Material provided.
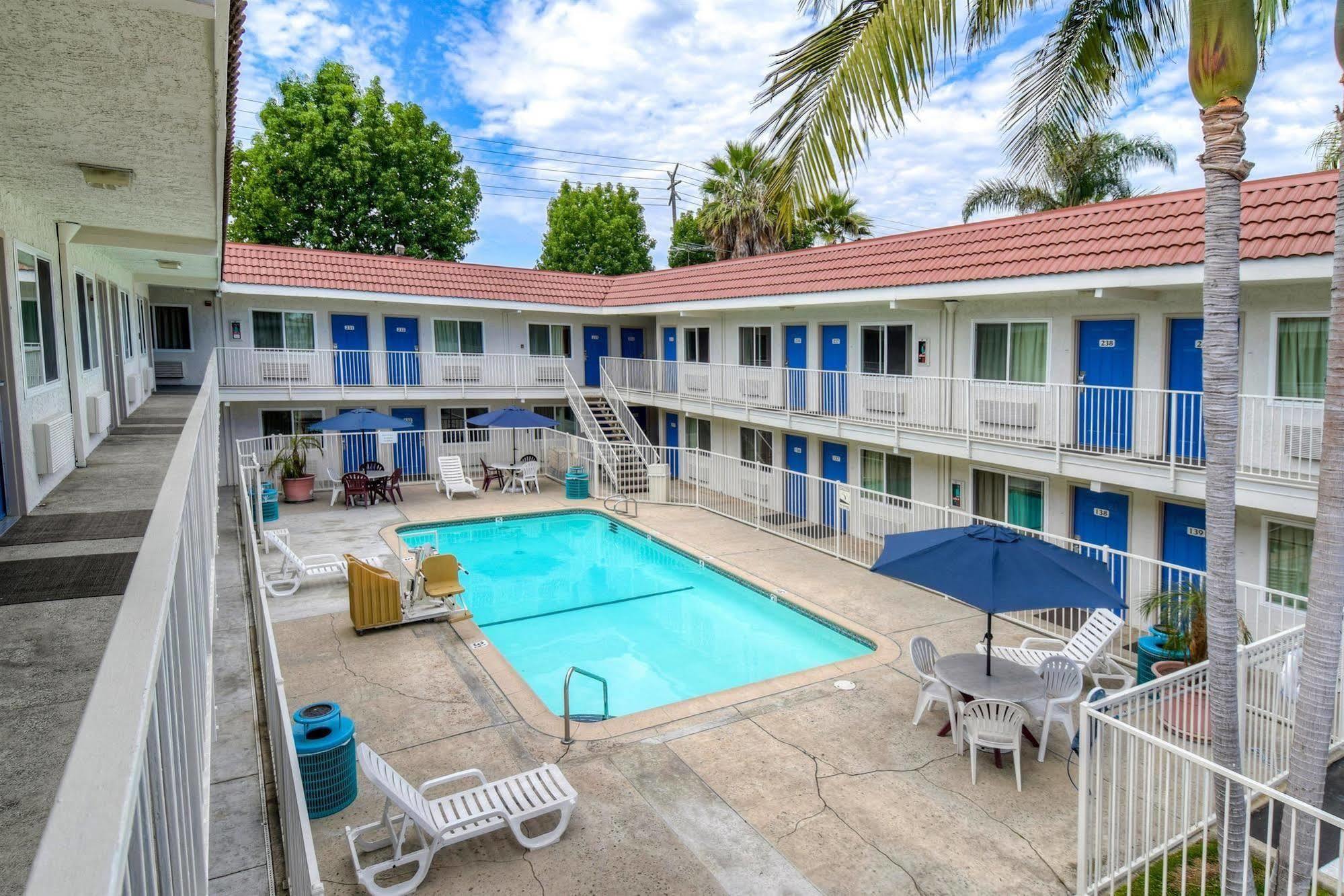 Motel 6-Costa Mesa, Ca מראה חיצוני תמונה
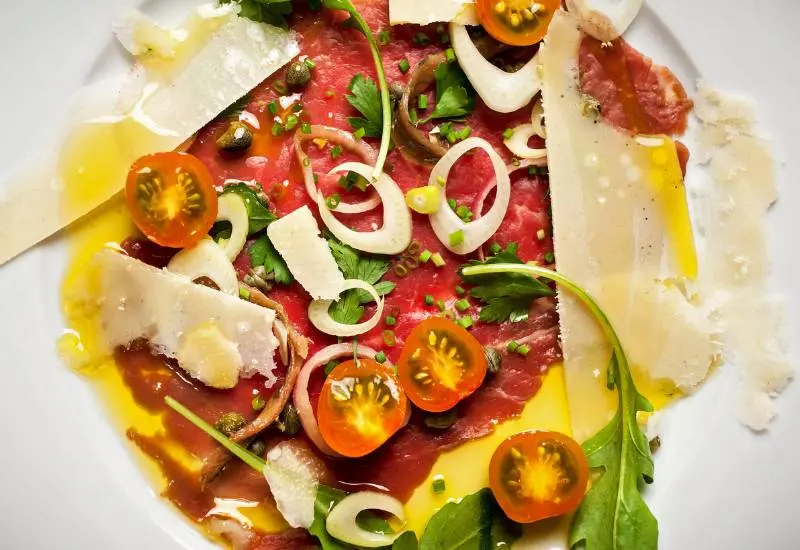 Carpaccio: M&oacute;n ăn khai vị truyền thống nổi tiếng của &Yacute; 4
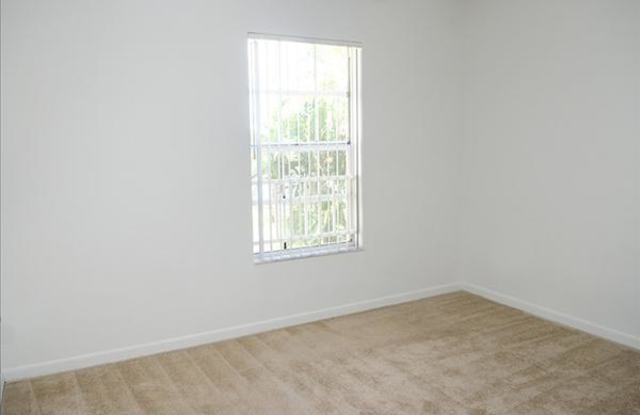 The Landings at Pembroke Lakes Apartments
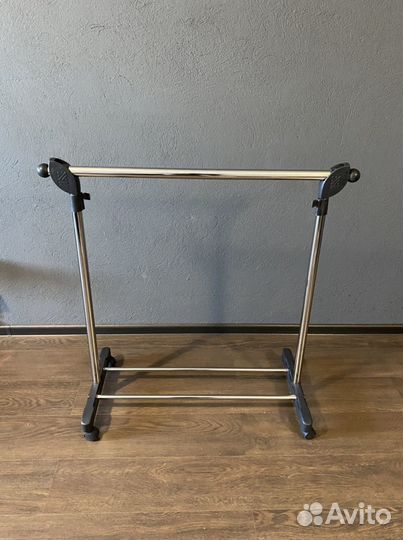 Штанга для одежды напольная регулир., на колесах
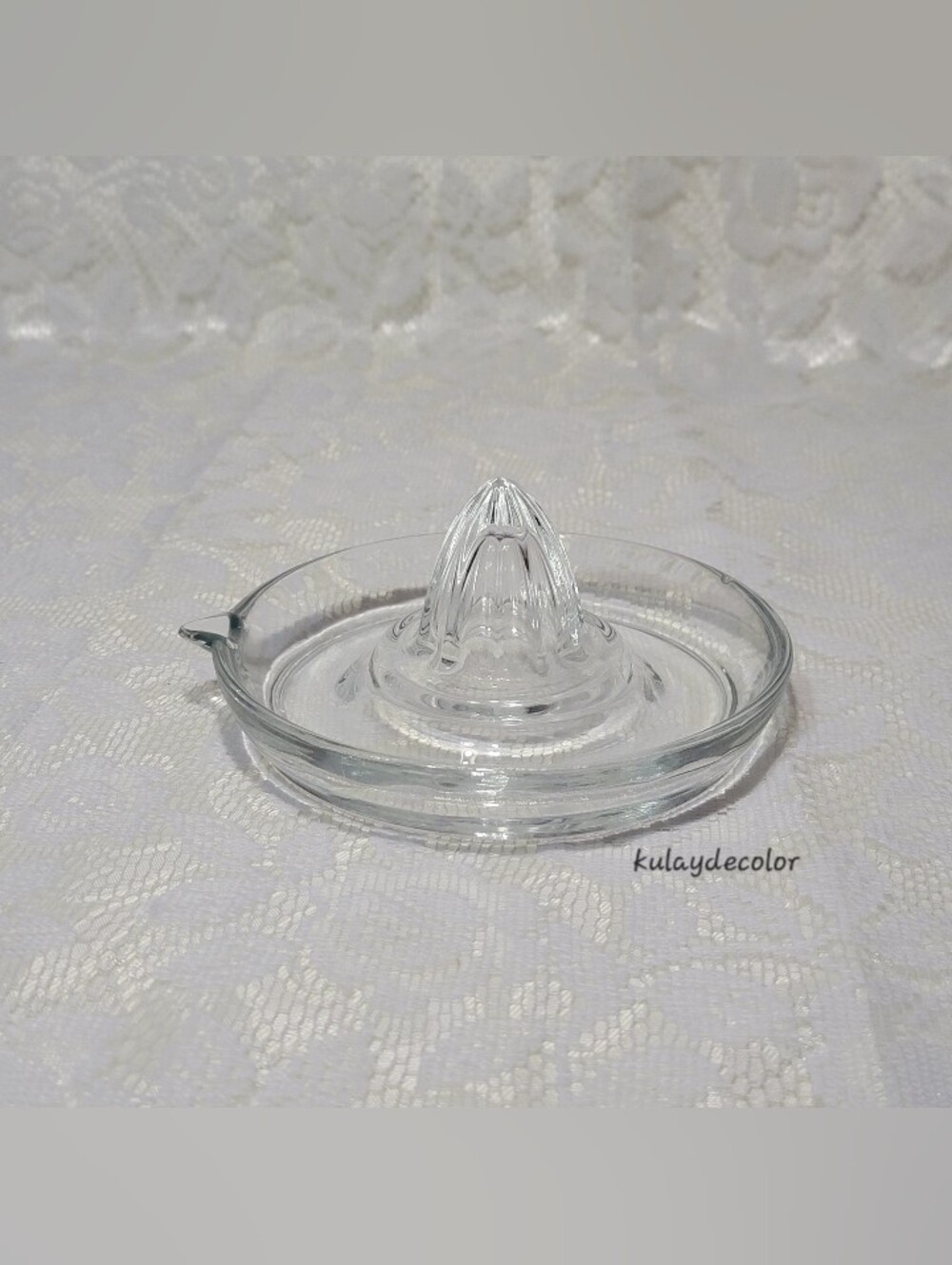 Vintage Clear Glass Citrus Juicer Reamer Manual Lemon Orange Juicer Kitchen Tool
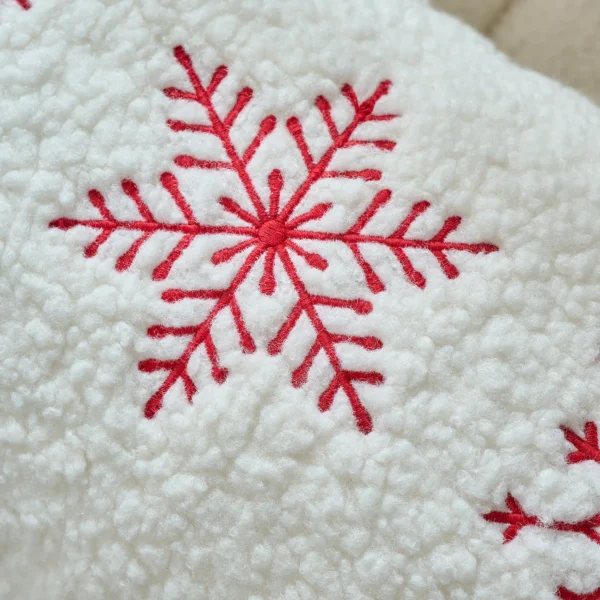 Housse de coussin Noël brodée rouge et blanc flocon et lettre Housse de coussin Noël brodée rouge et blanc flocon et lettre 6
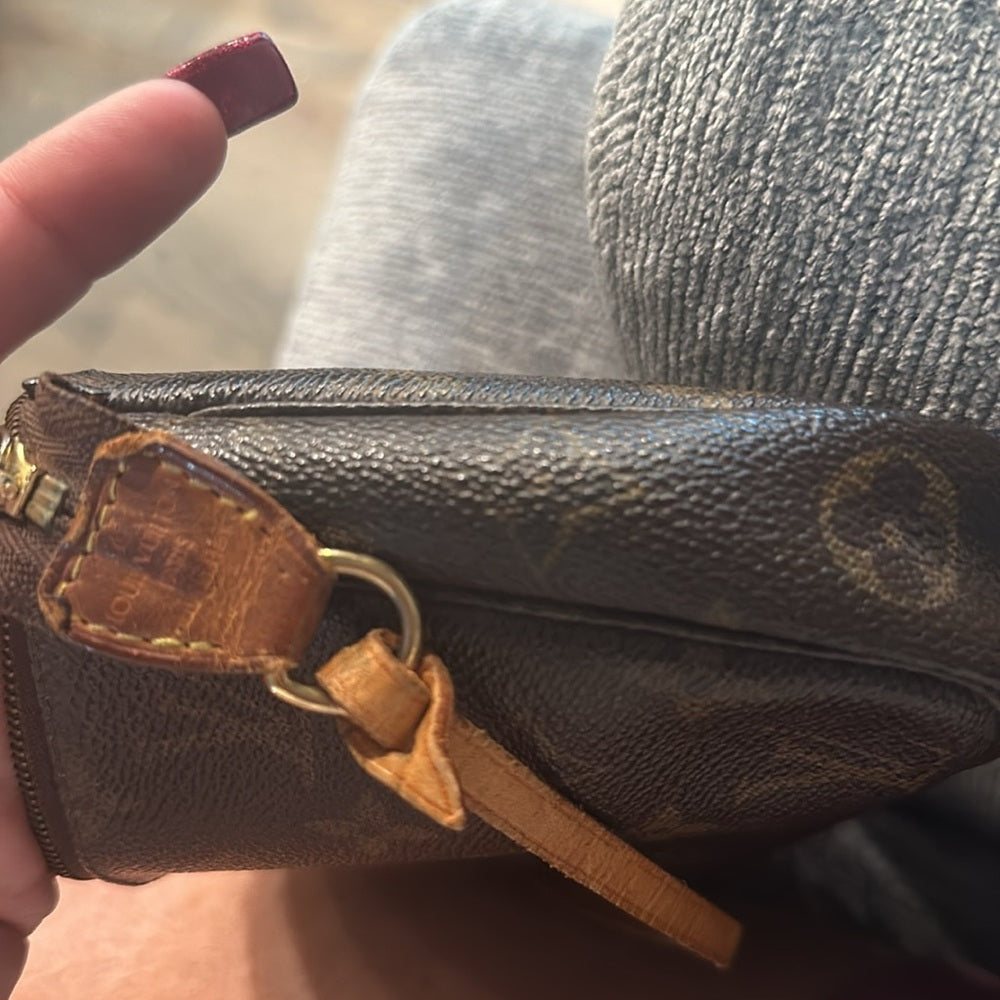 Louis Vuitton Pochette Accessoires Monogram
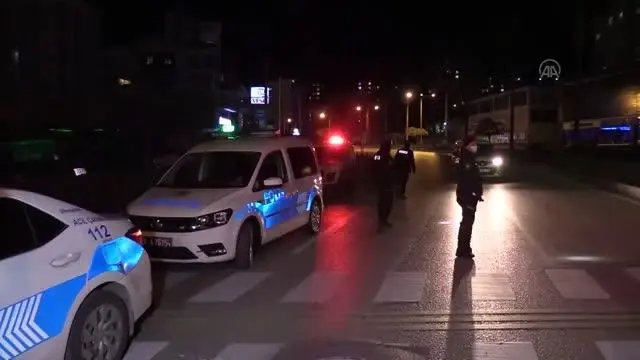 Son dakika! 'Dur' ihtarına uymayan sürücü kaza yapınca yakalandı Son dakika! 'Dur' ihtarına uymayan sürücü kaza yapınca yakalandı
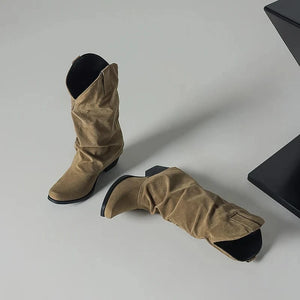Slouchiga Cowboyboots i Mocka för Dam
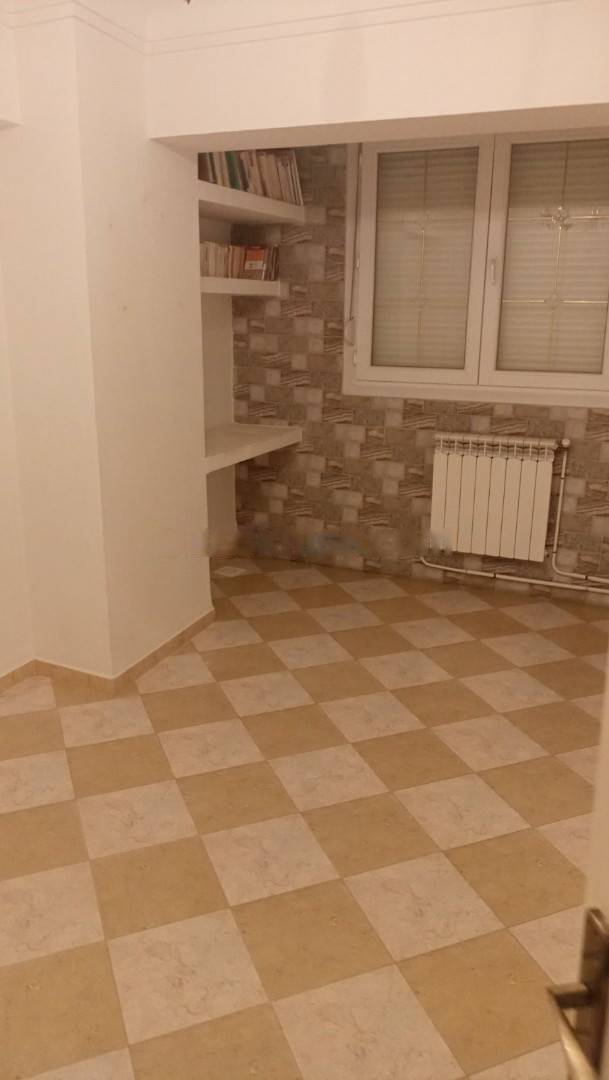 Location Appartement F4 El Achour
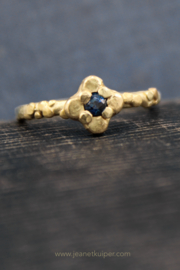 ring met een blauwe saffier in quatrefoil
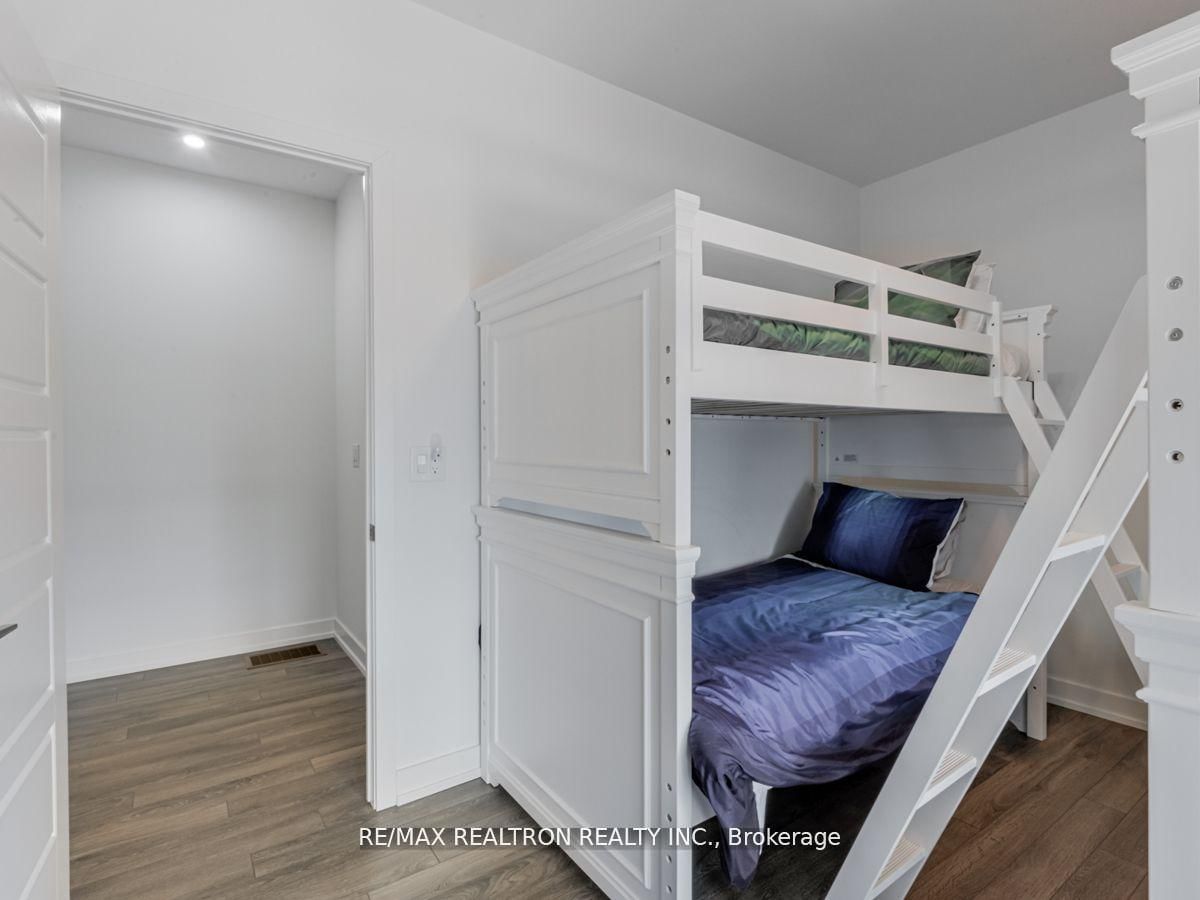 261 Broward Way • #48 • Innisfil, ON photo 18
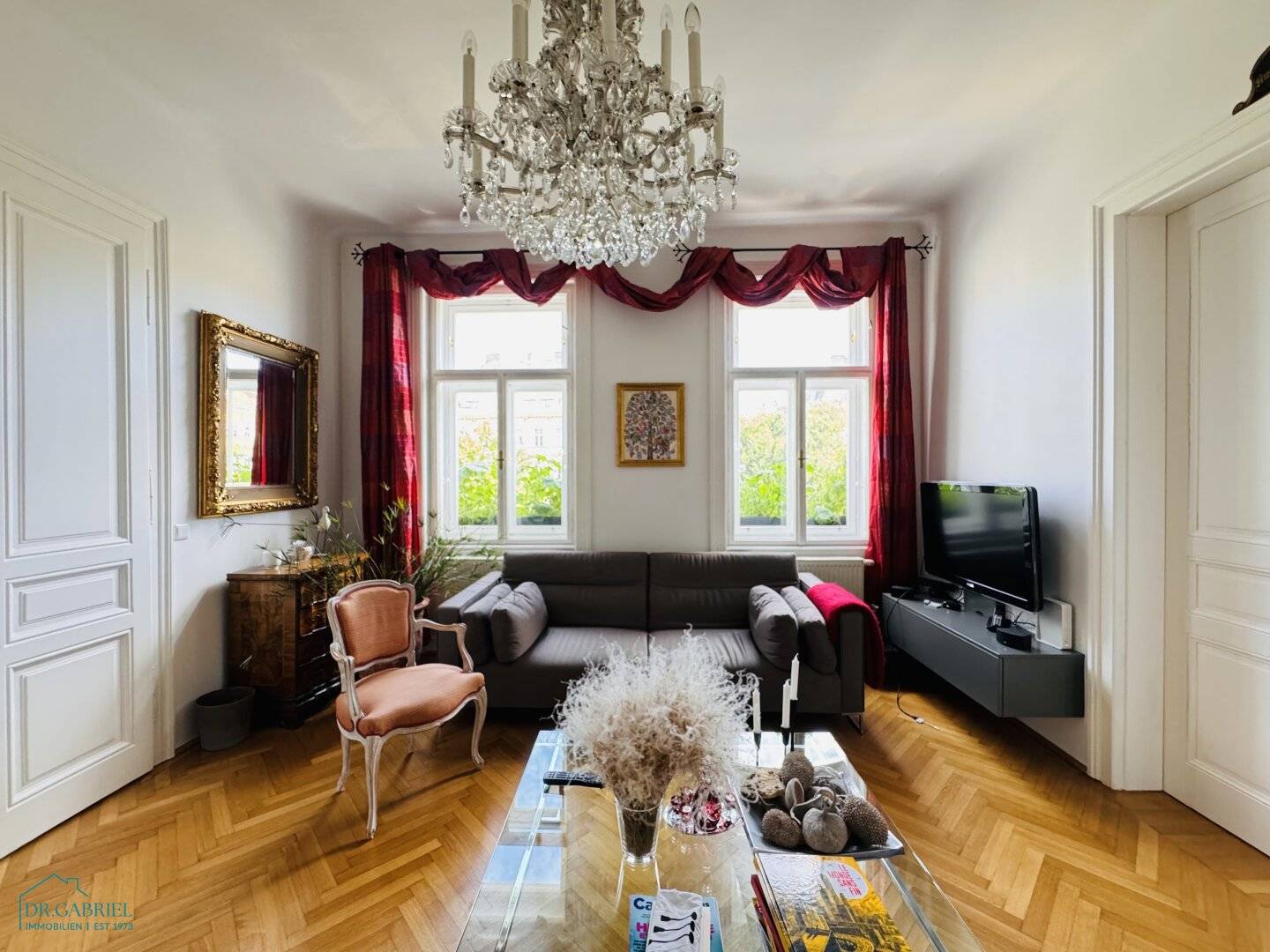 ELEGANTE ALTBAUWOHNUNG MIT BLICK AUF DEN AUMANNPLATZ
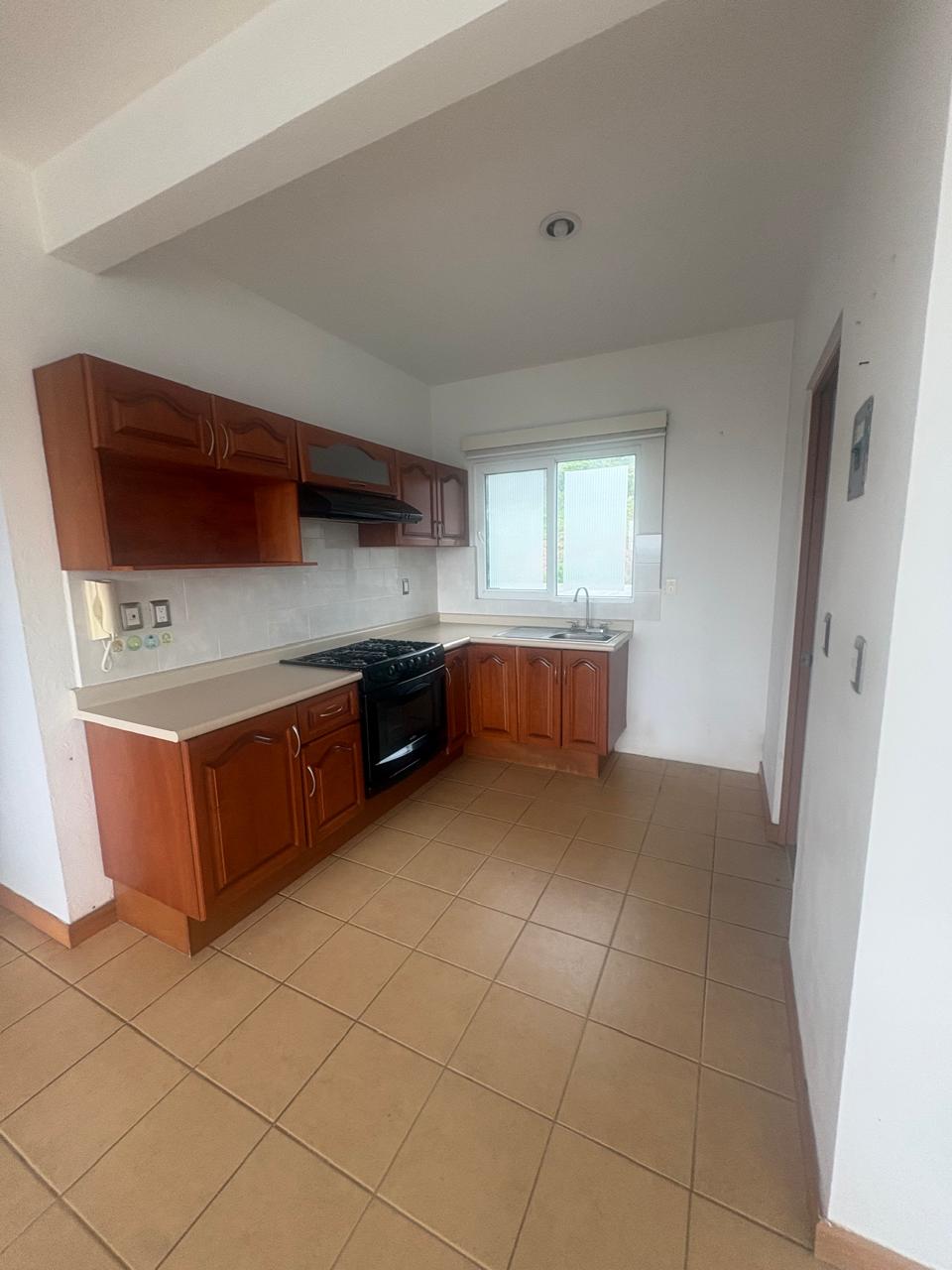 DEPARTAMENTO EN RENTA EN BOSQUES TRES MARIAS, MORELIA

Assignment.
Write out exactly the lines from the one containing "Slouchiga Cowboyboots i Mocka för Dam" through the end of the records above, both included, leaving all pictures out.

The completed task.
Slouchiga Cowboyboots i Mocka för Dam
 Location Appartement F4 El Achour
 ring met een blauwe saffier in quatrefoil
 261 Broward Way • #48 • Innisfil, ON photo 18
 ELEGANTE ALTBAUWOHNUNG MIT BLICK AUF DEN AUMANNPLATZ
 DEPARTAMENTO EN RENTA EN BOSQUES TRES MARIAS, MORELIA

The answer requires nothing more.